This past week we celebrated the 16th birthday of my eldest child, Sawyer. It seems just yesterday that he was a 16 month old running through the house asking, “What’s Saw-er doin’?” Sometimes what he was doin’ was obvious, at others not so much. Either way, it delighted me to be able to communicate with such a tiny little person because from then on I felt like I knew what babies that age were thinking. They just wanted to know what they were doin’.
It occurs to me that question doesn’t change much. I’ve wondered what I am doing most days of my life. As a mom, I’ve wondered if I was overprotective. Wondered if I was traumatizing the little people God had given me. Wondered in those times I blew it big time as a wife and friend, “What’s Lisa doin’?” Sometimes the answer was obvious, at others not so much. But as I watch this boy grow into a young man, I can’t help but believe God has received this consecration of our first-born and is planning on doing a mighty thing with him in spite of anything we could do to mess him up. I’m believing that for all my children and am so incredibly awed by their individuality and watching the points of their personality develop that will be the strength/weakness God will use. Watching them grow is like having a front row seat to the most amazing film ever written and having the privilege of having some small part of helping write the story as well as the angst of being so deeply invested in how it plays out.

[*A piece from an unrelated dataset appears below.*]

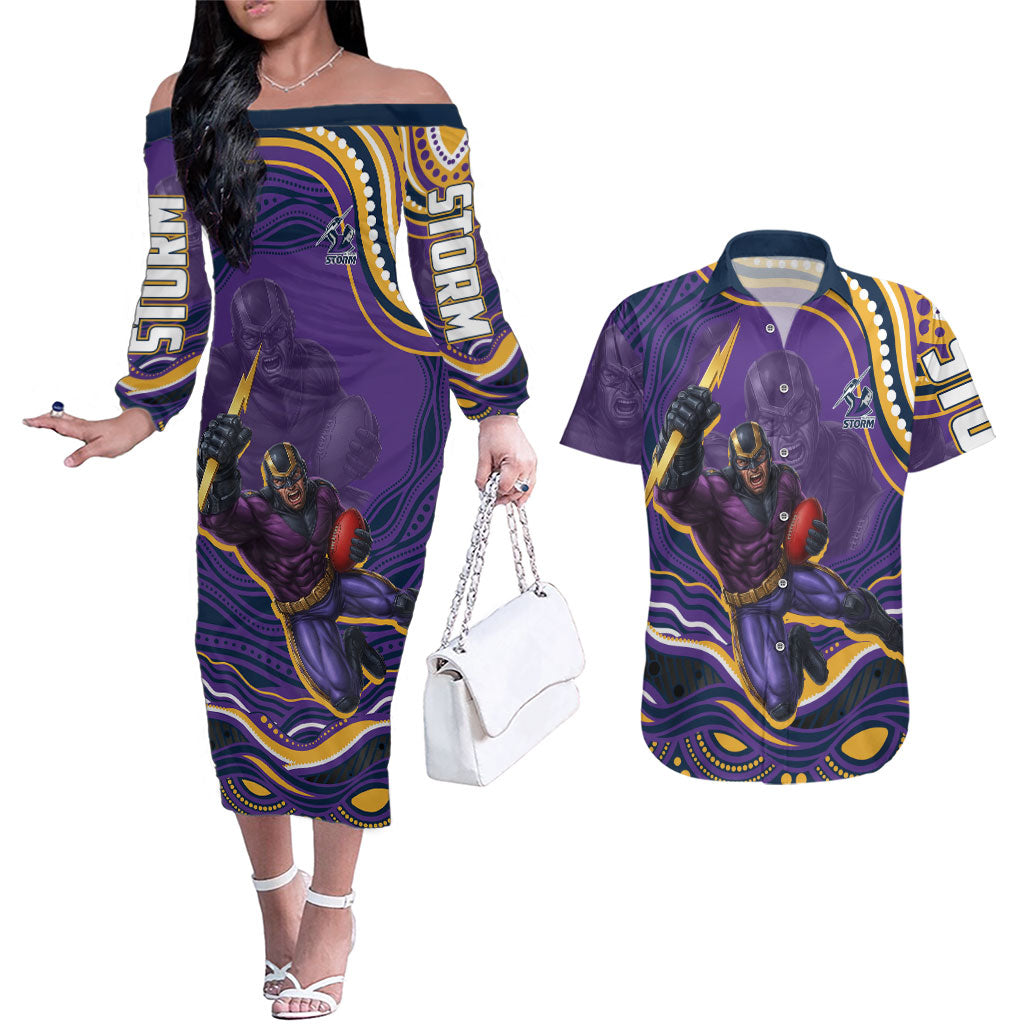 Personalized Gold Coast Titans Couples Matching Off The Shoulder Long Sleeve Dress and Hawaiian Shirt Aboriginal Dot Art - Dreamtime Rugby Mascot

At this point in the production, I am somewhat happy to report Sawyer passed his road test and got his driver’s license. I say somewhat because, MY BABY DROVE TO SCHOOL WITHOUT ME Friday morning. I took several hundred photos of him pulling away and then cried just a lot when I couldn’t see him any longer. And then I jumped in the car and followed his route to school checking all the ditches and breathing a huge sigh of relief when I saw his truck safely parked in front of the school. Will I always be this neurotic? When will I settle down into appreciating the ability to send him to the store and taking his brother to ball practice? Because, really, I don’t see that happening in the near future.
Here are a couple of pictures I took on his birthday. I made Sawyer drive me to an alley downtown with an old beat up building for a backdrop. He wasn’t really in the position to say no if he wanted to stay behind the wheel the rest of the day.

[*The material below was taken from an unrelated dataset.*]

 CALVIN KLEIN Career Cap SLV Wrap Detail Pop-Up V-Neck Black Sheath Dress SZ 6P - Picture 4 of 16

The only thing more awesome than my kid is the broken factory window. I am obsessed with it.
Again, broken window love. I played with this one for ages and finally decided I kind of liked it in spite of my lack of photoshop skillz.
This is Sawyer’s favorite. He’s not in love with broken windows but he is pretty well smitten with his Chevy.
I loved the way this picture turned out but then got paranoid about his license info being ont the web. So then I tried to delete it, blur it, and somehow ended up rotating it multiple times. Have I mentioned I am a photoshop idiot?
I just read back over this post and bless you if you’ve made it this far. It is as rambling and disconnected as I anticipated. Hoping you will read between the lines and assume the unstable mind of the writer. I wanted to wax sentimental but I’m too fragile and plus now I’m feeling guilty because I wasn’t blogging on Elijah’s birthday and, not like he ever reads my blog, but if I go too overboard then I will feel guilty for not writing an ode to his 14th birthday. Geesh. This motherhood thing.
Do any of us really know what wer’re doin? Please tell me you don’t either. Or at least if you do, help a sister out and share some secrets.